Eismayer (2022)

ROMANZE IM KASERNENTON

7/10


eismayer© 2022 Filmladen Filmverleih


LAND / JAHR: ÖSTERREICH 2022

BUCH / REGIE: DAVID WAGNER

CAST: GERHARD LIEBMANN, LUKA DIMIĆ, JULIA KOSCHITZ, ANTON NOORI, KARL FISCHER, CHRISTOPHER SCHÄRF, LION TATZBER, THOMAS OTROK, STAN STEINBICHLER U. A.

LÄNGE: 1 STD 27 MIN


Ich bin heilfroh, dass es hier in Österreich den Zivildienst gibt und ich nach meiner Schulausbildung darauf zurückgreifen konnte. Es hätte ja alles anders sein können, in manchen Ländern wird man als Mann automatisch zum Exerzieren verpflichtet.
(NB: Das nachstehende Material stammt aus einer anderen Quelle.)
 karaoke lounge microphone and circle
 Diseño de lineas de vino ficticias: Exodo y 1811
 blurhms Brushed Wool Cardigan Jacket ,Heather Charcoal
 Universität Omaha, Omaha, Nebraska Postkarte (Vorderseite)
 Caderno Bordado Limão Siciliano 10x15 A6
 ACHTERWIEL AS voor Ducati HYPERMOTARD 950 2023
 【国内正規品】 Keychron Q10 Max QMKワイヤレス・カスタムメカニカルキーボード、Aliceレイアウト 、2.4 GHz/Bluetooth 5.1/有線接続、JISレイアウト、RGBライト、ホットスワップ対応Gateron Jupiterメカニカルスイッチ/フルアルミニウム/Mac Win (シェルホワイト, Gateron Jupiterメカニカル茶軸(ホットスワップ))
Nur um nichts in der Welt hätte ich mich systematischer Erniedrigung aussetzen wollen, die sich unter anderem gerne als keifender Kasernenton manifestiert und die weniger abgebrühten oder sensibleren Gemüter an den Rand psychischer Resignation bringt. Militärdienst ist nur was für harte Männer – wie obsolet das klingt.
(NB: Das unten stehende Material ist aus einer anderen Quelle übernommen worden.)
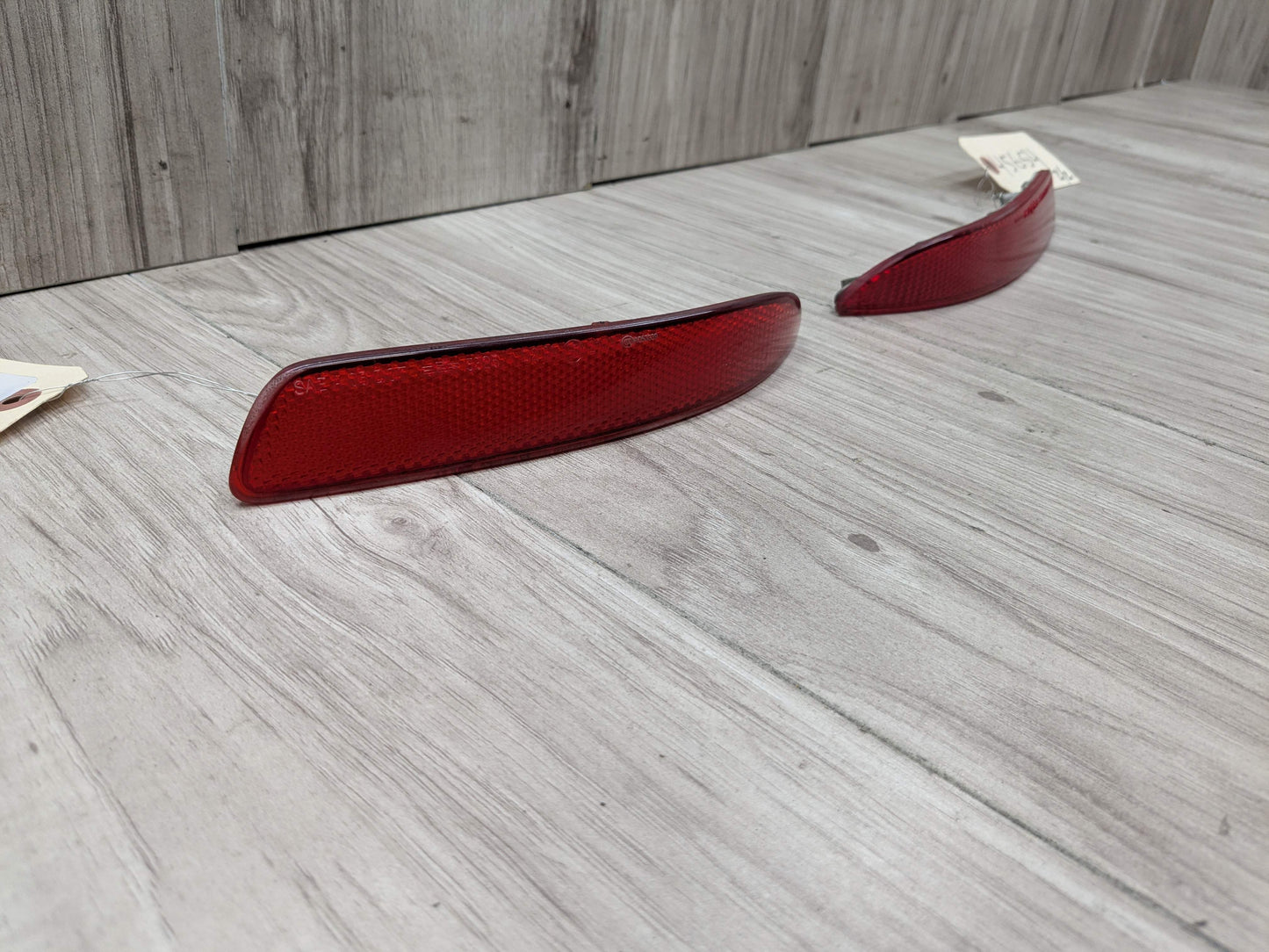 07-13 OEM BMW E70 X5 Rear Left Right Bumper Reflector Marker PAIR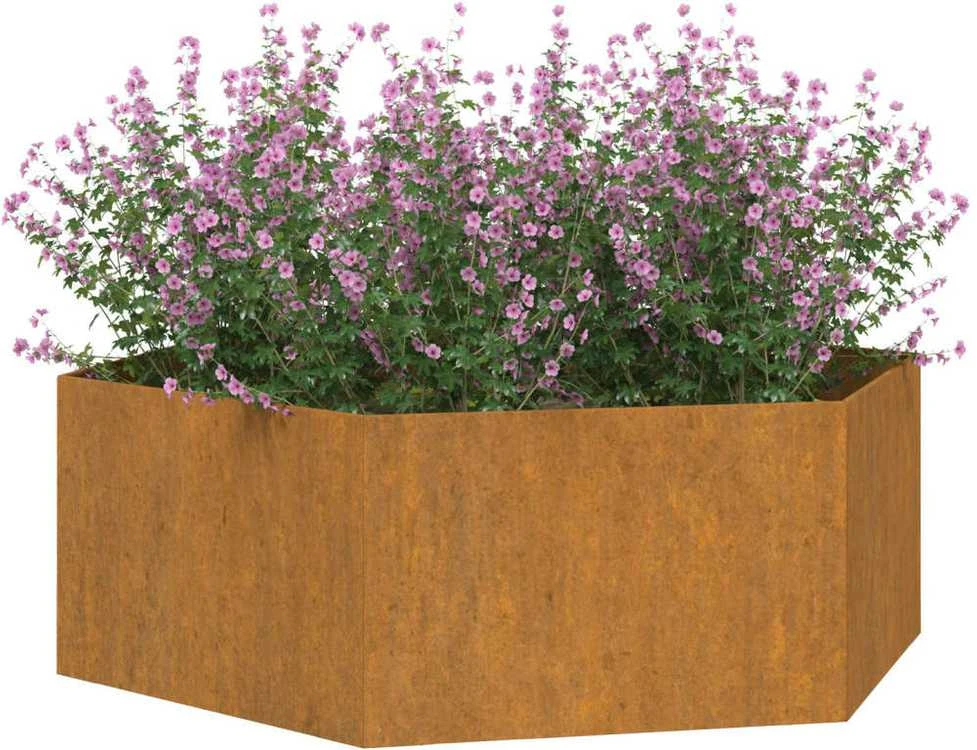 Lovelis, rūdžių spalvos, 138x120x45 cm, Corten plienas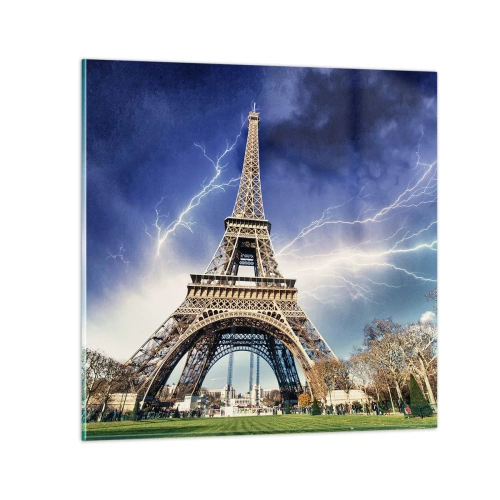 Schilderen op glas - Heerser van de stormen - 50x50 cm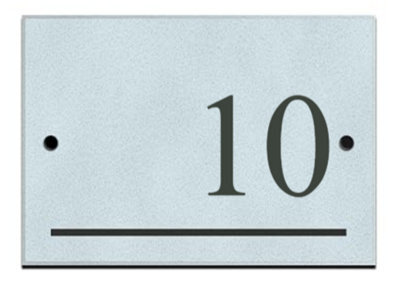 Reversed Slate Number 10 Sky Blue 14 X 9Cm - image 1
Man setzt den Drill da an, wo er greift. Stanley Kubrick hat diese Methode in Full Metal Jacket, seinem Antikriegs-Schlag in die Magengrube, auf die Spitze des Wahnsinns getrieben. Mit der Figur des von R. Lee Ermey dargestellten Drill Instructors Sergeant Hartman hat der Meister eine Figur des Schreckens erschaffen, die angehende Kadetten wohl nochmals in sich gehen ließ, um ihre Wahl für den Staatsdienst nochmal zu überdenken. Und tatsächlich ist diese Figur gar nicht so weit hergeholt. In Österreich gab und gibt es Charles Eismayer: Hast du ihn als Ausbilder, kommst du entweder psychisch gebrochen aus dem Grundwehrdienst oder hast dir eine derart harte Haut zugelegt, die dich für alles weitere Entsetzliche im Leben abstumpfen lässt. Eismayer war in seinen besten Zeiten wohl einer der gefürchtetsten Hof-Dirigenten im Österreichischen Bundesheer. Horror- und Einzelfallgeschichten machten die Runde, der Angstschweiß stand den Jungen auf der Stirn. Dabei ist Eismayer gar nicht mal so eine bedrohliche Erscheinung. Die Tyrannei, die für den absoluten Gehorsam wohl notwendig scheint, legt dieser in sein Organ. Also schreit und brüllt er wie seinerzeit Sergeant Hartman vor dem Vietnamkrieg seine Greenhorns nieder, macht sie zur Sau und sägt sie ab. Hat das gefaltete Hemd einen Knick – alles nochmal raus aus dem Spind. Schmerzt der Arm beim Exerzieren, fällt der Begriff Muttersöhnchen. Hat aber jemand die Widerrede auf den Lippen – ab auf den Boden und Push Ups, bis es Stopp heißt.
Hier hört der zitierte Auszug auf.